Records shown:
*** Begin section ***
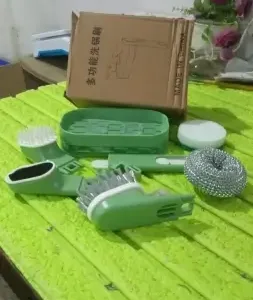 9-Piece Kitchen Cleaning Brush Set – Multipurpose Dish Scrubber Kit with Soap Holder for Kitchen, Sink, Bottles & Cookware ( default, OS )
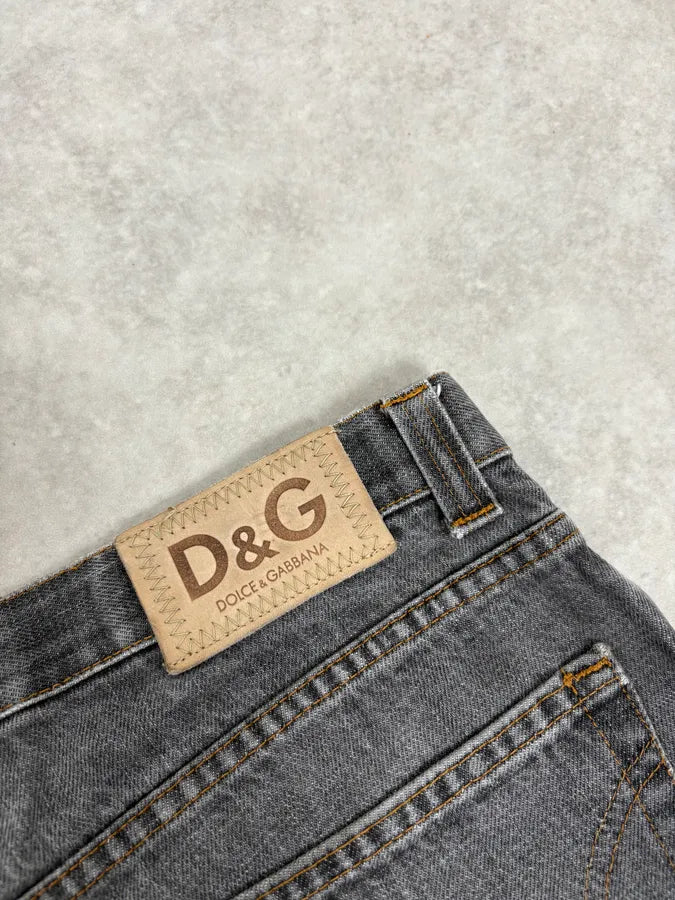 AW2003 Dolce & Gabbana Grey Large Denim Jeans uzMEvZg 4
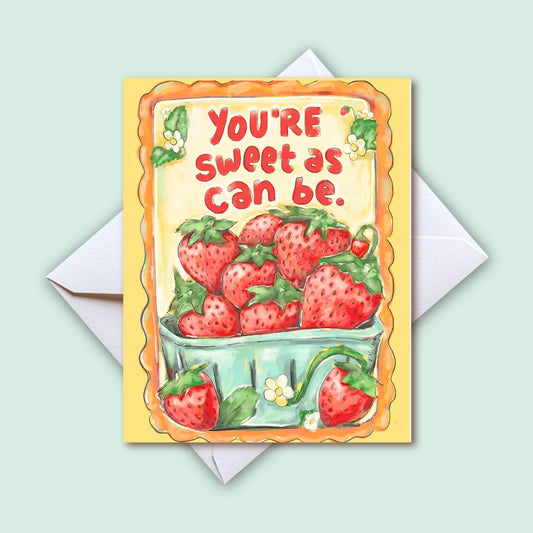 Sweet Strawberries Greeting Card-Love You Everyday Notecard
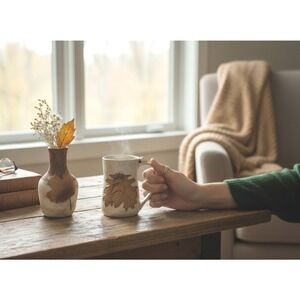Studio Pottery Leaf Mug & Bud Vase Signed PRP Beige Speckle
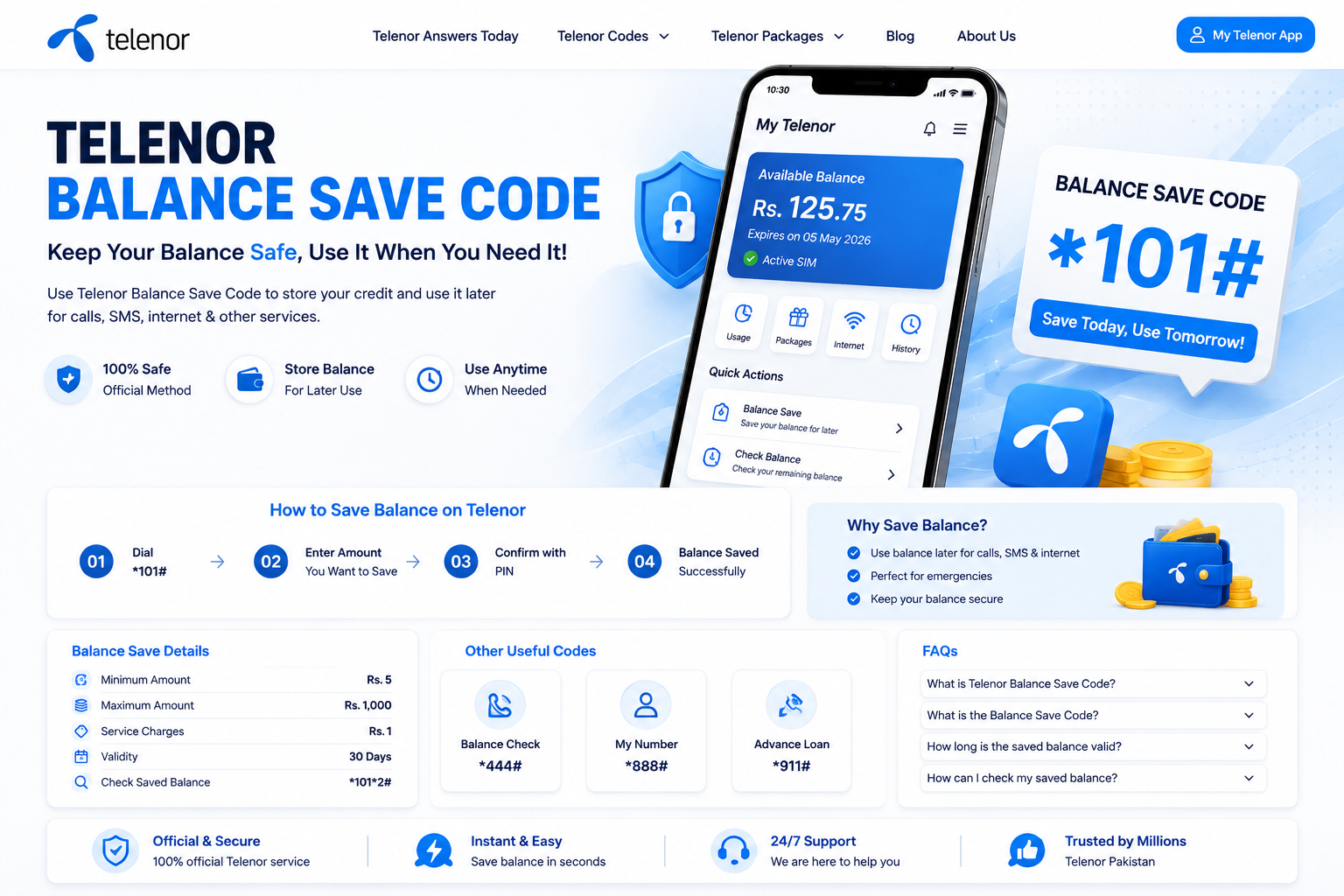 telenor balance save code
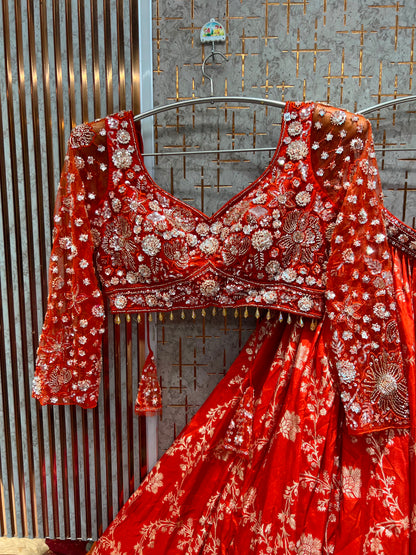 Hot Pink Crop Top Lehenga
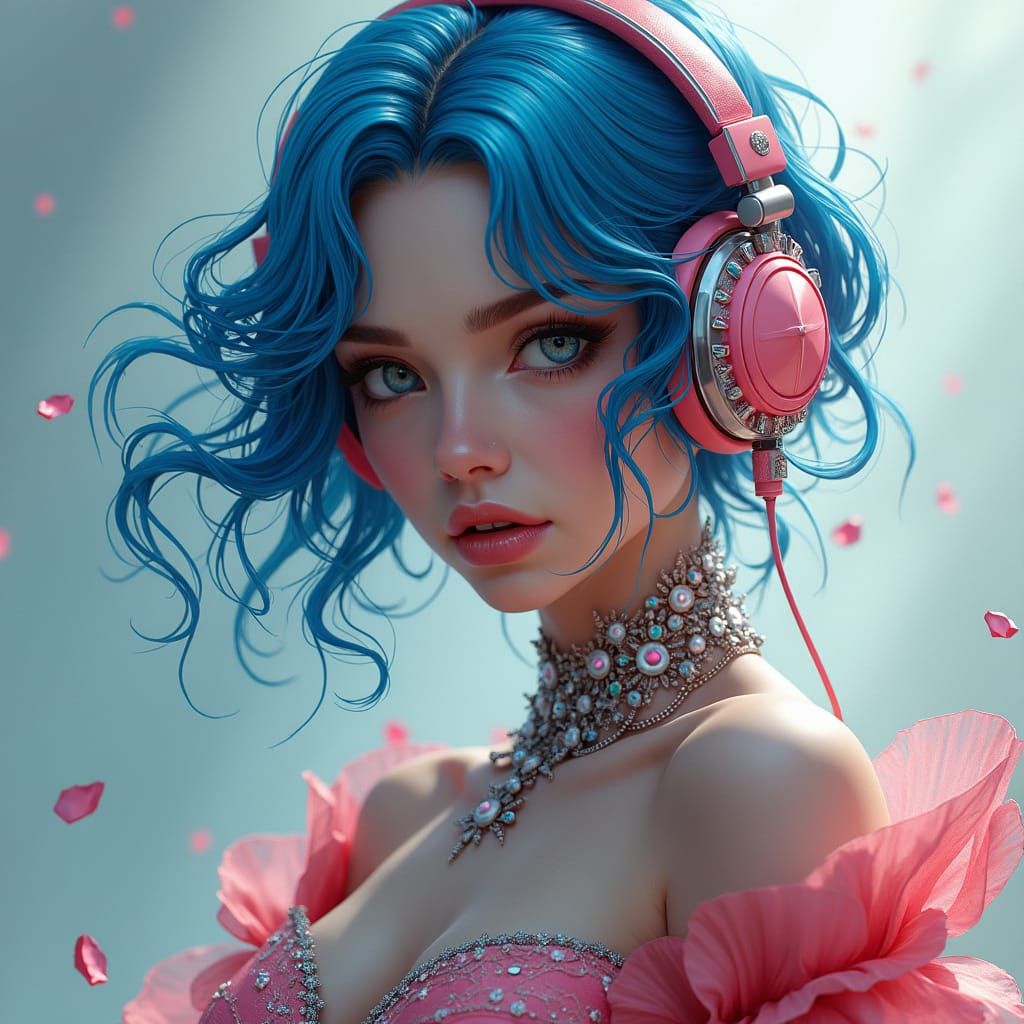 Siren with Headphones in Art Nouveau Style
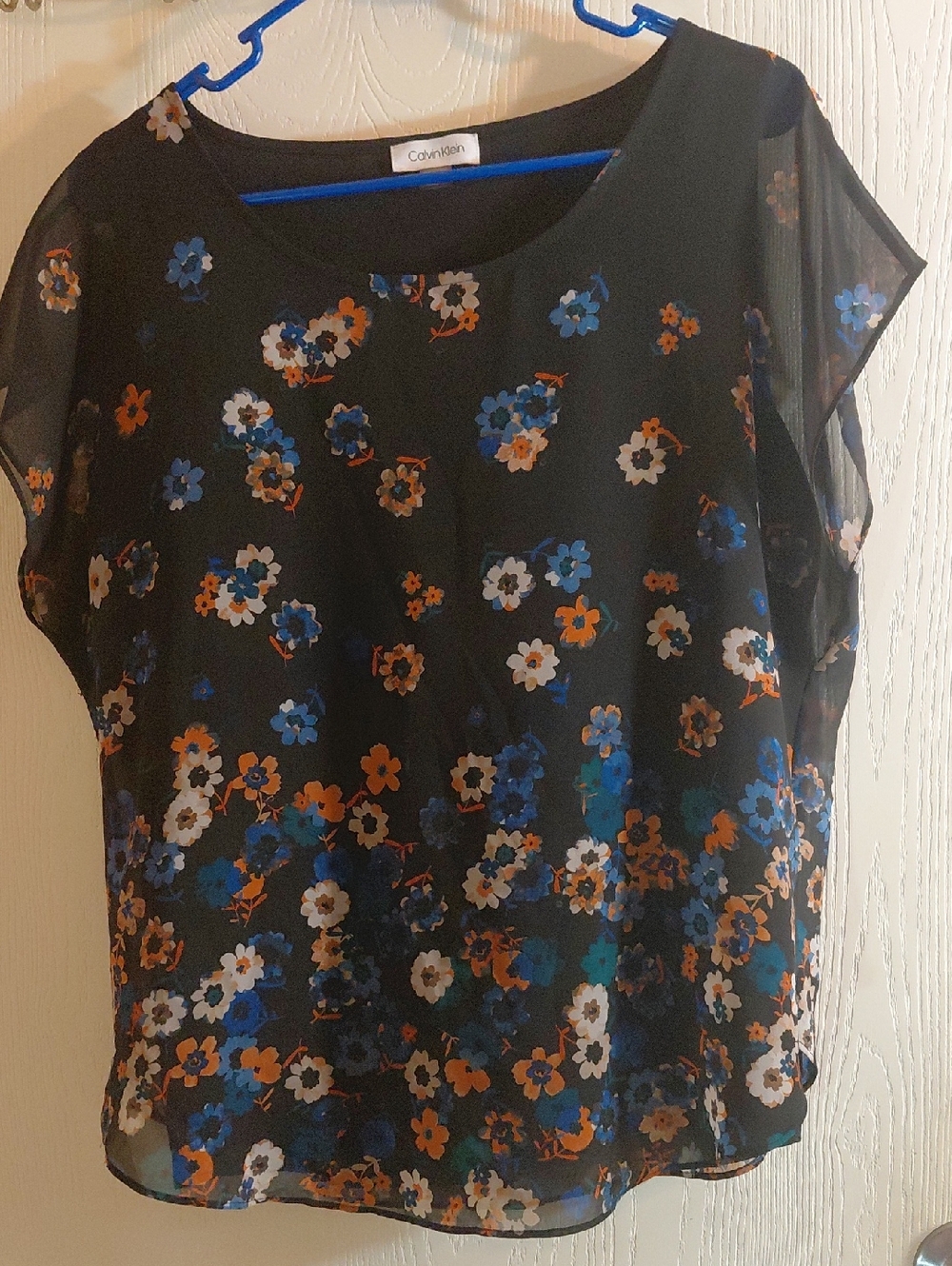 Calvin Klein Black Sheer Floral Top with Blue, Orange & White Flowers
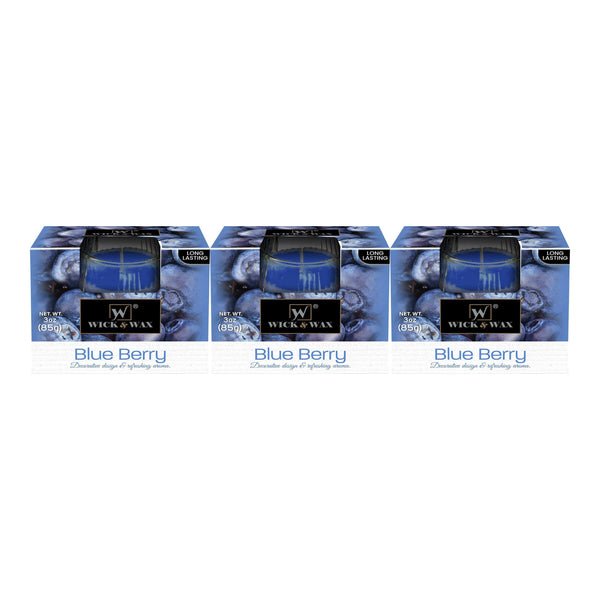 Wick & Wax Blue Berry Box Candle, 3oz (85g) (Pack of 3)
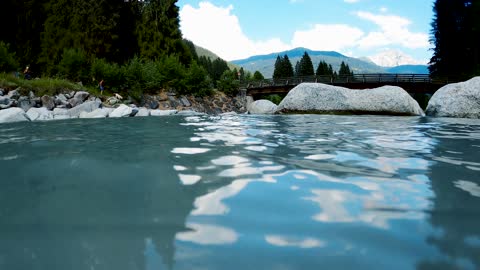 A camera floats in the lake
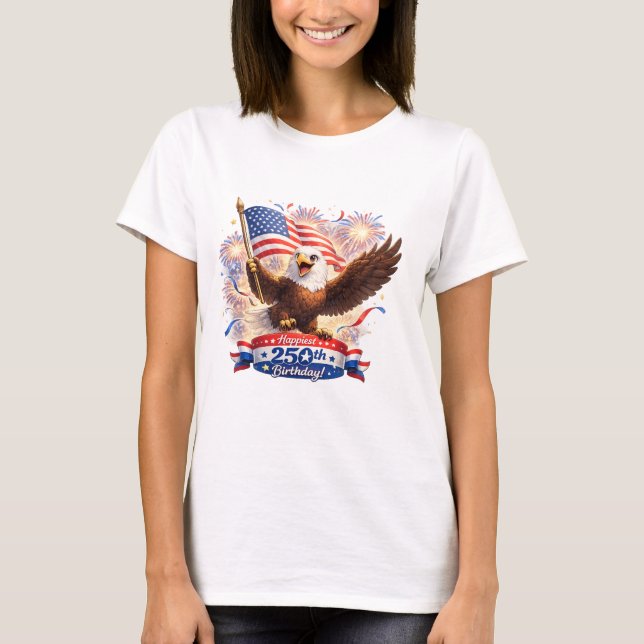Camiseta mom Tshirt Happy 250th Birthday USA! (Frente)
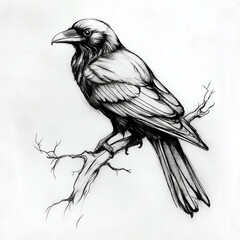RAven sitting on a branch Tattoo idea sketch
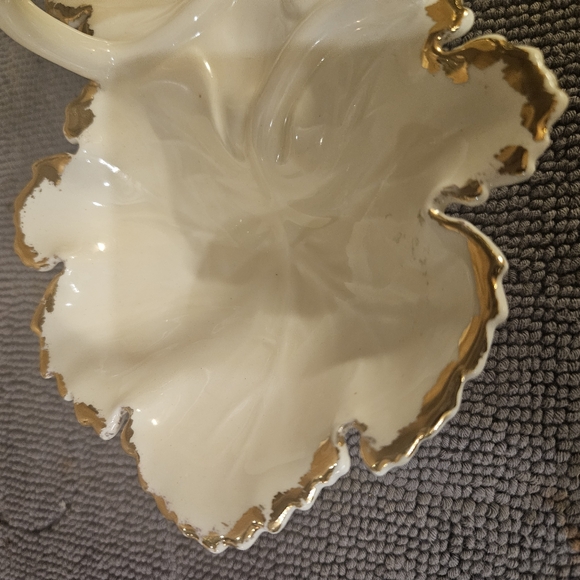 USA Pottery Cream and Gold Edged Two Bowl Ceramic Candy Dish - Picture 3 of 9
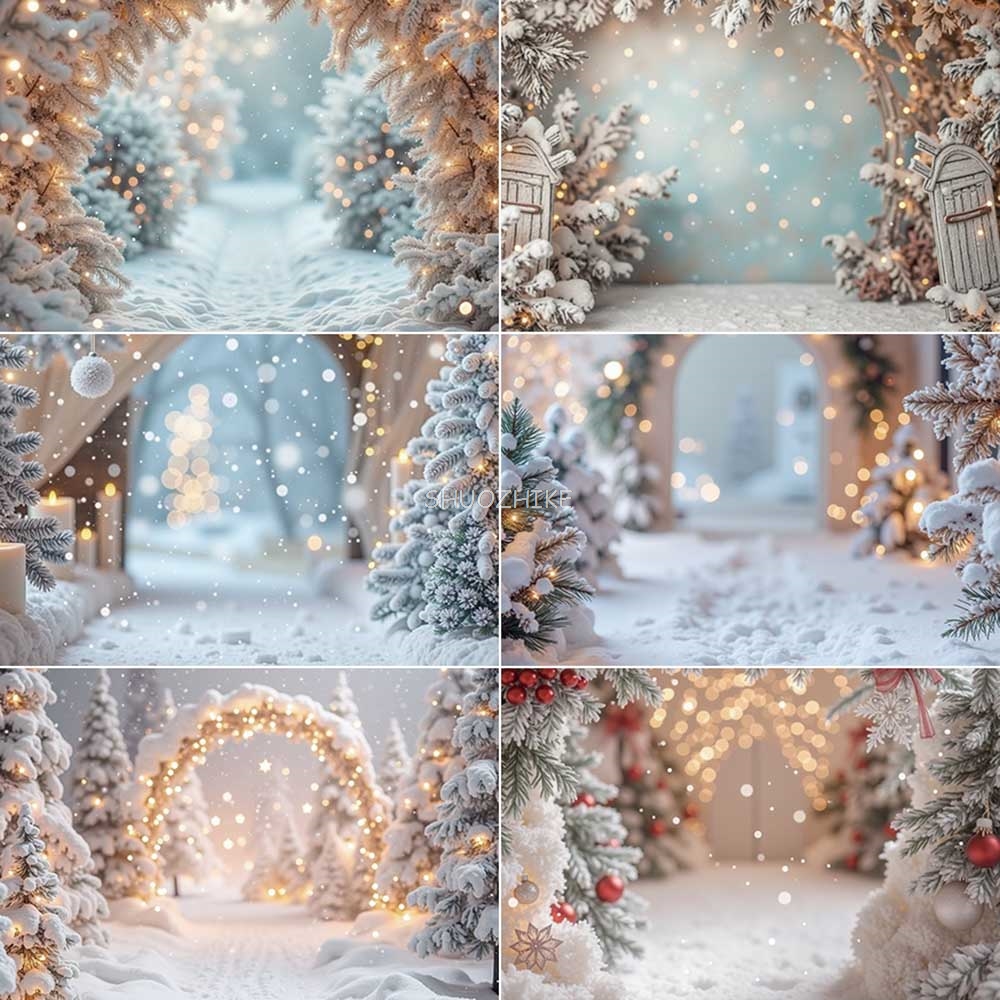 Photography Lighting White Background - หิมะคริสต์มาสไฟสีขาว Bokeh ฉากหลังสําหรับถ่ายภาพหรูหราต้นไม้ Photo Studio พื้นหลังฤดูหนาว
*** End section ***
What you need to do:
Copy the entries above exactly from the line with "Siren with Headphones in Art Nouveau Style" down to their last line, both ends included. Do not copy any pictures.

Task solution:
 Siren with Headphones in Art Nouveau Style
 Calvin Klein Black Sheer Floral Top with Blue, Orange & White Flowers
 Wick & Wax Blue Berry Box Candle, 3oz (85g) (Pack of 3)
 A camera floats in the lake
Camiseta mom Tshirt Happy 250th Birthday USA! (Frente)
RAven sitting on a branch Tattoo idea sketch
 USA Pottery Cream and Gold Edged Two Bowl Ceramic Candy Dish - Picture 3 of 9
 Photography Lighting White Background - หิมะคริสต์มาสไฟสีขาว Bokeh ฉากหลังสําหรับถ่ายภาพหรูหราต้นไม้ Photo Studio พื้นหลังฤดูหนาว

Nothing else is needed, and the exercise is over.